Unfortunately, can't be done as you describe (full support for nested transactions would be key here). Couple things I can think of that have been used to get around this in the past:
Best option would probably be to separate the commands into important/non-important commands that could be executed distinctly, naturally this would require that they not be order-dependent on each other
Could also use a messaging based approach (see Service Broker) where you would execute the primary commands inline and push the non-primary commands onto a queue for execution later/separately. The push to the queue would be transactional within the batch, but the execution of the command when you pop off the queue would be separate. This too would require they not be order-dependent on each other.

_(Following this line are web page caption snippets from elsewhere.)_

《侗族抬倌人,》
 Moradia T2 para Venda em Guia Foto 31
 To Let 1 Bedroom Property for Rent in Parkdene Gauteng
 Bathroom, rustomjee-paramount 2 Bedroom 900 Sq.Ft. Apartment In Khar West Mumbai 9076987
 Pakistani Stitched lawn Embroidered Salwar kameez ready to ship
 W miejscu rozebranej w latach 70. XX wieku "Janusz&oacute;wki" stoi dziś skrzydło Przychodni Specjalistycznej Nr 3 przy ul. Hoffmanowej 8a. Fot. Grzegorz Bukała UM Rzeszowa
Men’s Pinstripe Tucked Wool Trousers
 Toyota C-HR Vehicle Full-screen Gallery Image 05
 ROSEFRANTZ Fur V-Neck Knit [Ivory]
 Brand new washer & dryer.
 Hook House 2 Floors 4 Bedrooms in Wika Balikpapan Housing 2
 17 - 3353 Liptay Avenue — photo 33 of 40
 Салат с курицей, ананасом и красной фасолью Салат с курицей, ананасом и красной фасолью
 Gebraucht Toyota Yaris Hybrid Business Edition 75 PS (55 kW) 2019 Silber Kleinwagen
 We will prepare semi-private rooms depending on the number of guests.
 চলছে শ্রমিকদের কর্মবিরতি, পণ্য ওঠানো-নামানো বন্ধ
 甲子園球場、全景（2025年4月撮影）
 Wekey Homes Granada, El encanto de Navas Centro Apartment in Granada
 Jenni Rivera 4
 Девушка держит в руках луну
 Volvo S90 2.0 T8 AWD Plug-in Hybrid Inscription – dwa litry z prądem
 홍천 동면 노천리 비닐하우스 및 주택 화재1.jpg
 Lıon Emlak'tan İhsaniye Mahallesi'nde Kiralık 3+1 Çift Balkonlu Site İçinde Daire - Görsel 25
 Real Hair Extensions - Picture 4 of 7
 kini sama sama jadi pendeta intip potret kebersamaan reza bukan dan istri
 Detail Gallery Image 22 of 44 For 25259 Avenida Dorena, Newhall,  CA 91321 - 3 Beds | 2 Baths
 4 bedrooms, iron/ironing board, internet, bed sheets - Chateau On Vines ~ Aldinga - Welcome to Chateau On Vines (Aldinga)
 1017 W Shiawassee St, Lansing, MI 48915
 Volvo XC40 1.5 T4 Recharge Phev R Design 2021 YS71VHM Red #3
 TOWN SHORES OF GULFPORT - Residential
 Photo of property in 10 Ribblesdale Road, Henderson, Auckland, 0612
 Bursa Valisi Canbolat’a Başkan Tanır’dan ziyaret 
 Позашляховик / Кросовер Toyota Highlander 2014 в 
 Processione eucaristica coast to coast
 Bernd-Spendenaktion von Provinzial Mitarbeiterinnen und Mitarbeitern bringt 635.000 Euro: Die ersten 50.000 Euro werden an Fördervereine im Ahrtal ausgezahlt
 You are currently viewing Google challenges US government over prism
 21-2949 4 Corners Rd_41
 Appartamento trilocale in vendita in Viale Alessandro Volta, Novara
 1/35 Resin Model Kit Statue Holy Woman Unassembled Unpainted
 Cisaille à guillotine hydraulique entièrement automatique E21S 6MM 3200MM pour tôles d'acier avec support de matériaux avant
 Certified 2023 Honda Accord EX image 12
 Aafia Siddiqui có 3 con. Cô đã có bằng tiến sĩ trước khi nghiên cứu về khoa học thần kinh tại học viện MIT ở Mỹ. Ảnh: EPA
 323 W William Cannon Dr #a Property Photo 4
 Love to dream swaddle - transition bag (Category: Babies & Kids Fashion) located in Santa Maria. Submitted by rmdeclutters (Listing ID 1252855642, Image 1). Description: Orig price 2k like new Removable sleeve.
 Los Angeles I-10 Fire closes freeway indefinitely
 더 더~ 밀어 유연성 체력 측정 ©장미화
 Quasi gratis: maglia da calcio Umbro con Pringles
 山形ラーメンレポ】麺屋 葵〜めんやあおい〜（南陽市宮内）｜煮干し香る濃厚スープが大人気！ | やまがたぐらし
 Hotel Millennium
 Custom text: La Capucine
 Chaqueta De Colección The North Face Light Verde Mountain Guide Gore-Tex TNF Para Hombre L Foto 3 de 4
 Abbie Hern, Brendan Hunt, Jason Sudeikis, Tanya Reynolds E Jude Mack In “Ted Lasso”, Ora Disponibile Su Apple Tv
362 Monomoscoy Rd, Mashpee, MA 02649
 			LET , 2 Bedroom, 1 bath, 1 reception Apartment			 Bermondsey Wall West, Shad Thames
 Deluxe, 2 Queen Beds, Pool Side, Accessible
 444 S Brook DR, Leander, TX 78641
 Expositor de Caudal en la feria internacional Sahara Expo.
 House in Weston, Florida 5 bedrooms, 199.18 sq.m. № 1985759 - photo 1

If order-dependent, you could use the messaging approach for everything, which would ensure order and could have separate messages per operation, then grouping them together (via conversation groups) would allow you to pull them off the queue in order as well and use separate transactions for each 'type' of operation (i.e. primary vs. non-primary). This would require some special coding on your part if all the grouped messages must be a single autonomous operation, but could be done.
I hesitate to even mention this option, because it is a terrible option, but for full disclosure I suppose you could consider it at your discretion if you think it fits (but it is definitely not an architecture that would apply to almost any scenario). You could use xp_cmdshell to call out to the command line and execute sqlcmd/osql for the non-critical tasks - this sqlcmd execution would be in a separate transaction from the module you are executing from, and simply ignoring the xp_cmdshell failure should allow the primary batch to continue.
Those are some ideas...
Can you do your import into a temporary location, using transactions only for the important parts. Once the temp location loaded, having absorbed any non-critical errors, you can copy the data into its final destination in a single transaction. Depends on the nature the work you are doing, but potentially a viable option.